● RECORDED INFORMATION
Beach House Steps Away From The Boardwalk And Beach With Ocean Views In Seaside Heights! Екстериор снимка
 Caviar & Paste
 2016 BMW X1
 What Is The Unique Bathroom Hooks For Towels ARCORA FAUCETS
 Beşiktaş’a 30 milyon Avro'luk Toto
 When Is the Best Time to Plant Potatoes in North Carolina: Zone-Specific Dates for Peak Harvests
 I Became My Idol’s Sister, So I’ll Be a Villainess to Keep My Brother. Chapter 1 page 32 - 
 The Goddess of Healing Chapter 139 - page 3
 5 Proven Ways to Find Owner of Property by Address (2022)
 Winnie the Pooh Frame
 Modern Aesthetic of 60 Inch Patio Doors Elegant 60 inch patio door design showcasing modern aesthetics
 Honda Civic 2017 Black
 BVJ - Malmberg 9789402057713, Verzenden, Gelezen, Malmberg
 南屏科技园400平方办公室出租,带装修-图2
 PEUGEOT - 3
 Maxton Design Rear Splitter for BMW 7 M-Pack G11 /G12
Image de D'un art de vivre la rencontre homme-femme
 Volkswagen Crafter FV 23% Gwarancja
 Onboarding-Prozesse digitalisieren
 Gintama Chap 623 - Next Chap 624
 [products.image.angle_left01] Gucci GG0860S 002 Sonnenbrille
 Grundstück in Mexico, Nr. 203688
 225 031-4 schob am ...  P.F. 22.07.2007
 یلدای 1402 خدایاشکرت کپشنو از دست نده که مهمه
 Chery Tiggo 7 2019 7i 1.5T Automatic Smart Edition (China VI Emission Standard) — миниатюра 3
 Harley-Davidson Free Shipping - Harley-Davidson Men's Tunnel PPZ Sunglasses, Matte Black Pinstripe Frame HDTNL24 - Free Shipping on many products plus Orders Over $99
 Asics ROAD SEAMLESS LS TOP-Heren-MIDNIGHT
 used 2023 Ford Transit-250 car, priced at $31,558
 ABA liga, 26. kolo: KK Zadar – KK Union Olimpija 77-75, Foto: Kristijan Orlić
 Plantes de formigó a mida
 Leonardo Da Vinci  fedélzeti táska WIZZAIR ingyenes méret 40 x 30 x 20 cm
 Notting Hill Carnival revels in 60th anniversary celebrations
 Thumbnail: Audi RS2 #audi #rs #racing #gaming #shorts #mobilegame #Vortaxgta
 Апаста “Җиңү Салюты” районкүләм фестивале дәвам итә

● WHAT TO DO
Write down, word for word, the lines above from the one containing "Modern Aesthetic of" through the one containing "used 2023 Ford", both ends included.

● WRITTEN ANSWER
 Modern Aesthetic of 60 Inch Patio Doors Elegant 60 inch patio door design showcasing modern aesthetics
 Honda Civic 2017 Black
 BVJ - Malmberg 9789402057713, Verzenden, Gelezen, Malmberg
 南屏科技园400平方办公室出租,带装修-图2
 PEUGEOT - 3
 Maxton Design Rear Splitter for BMW 7 M-Pack G11 /G12
Image de D'un art de vivre la rencontre homme-femme
 Volkswagen Crafter FV 23% Gwarancja
 Onboarding-Prozesse digitalisieren
 Gintama Chap 623 - Next Chap 624
 [products.image.angle_left01] Gucci GG0860S 002 Sonnenbrille
 Grundstück in Mexico, Nr. 203688
 225 031-4 schob am ...  P.F. 22.07.2007
 یلدای 1402 خدایاشکرت کپشنو از دست نده که مهمه
 Chery Tiggo 7 2019 7i 1.5T Automatic Smart Edition (China VI Emission Standard) — миниатюра 3
 Harley-Davidson Free Shipping - Harley-Davidson Men's Tunnel PPZ Sunglasses, Matte Black Pinstripe Frame HDTNL24 - Free Shipping on many products plus Orders Over $99
 Asics ROAD SEAMLESS LS TOP-Heren-MIDNIGHT
 used 2023 Ford Transit-250 car, priced at $31,558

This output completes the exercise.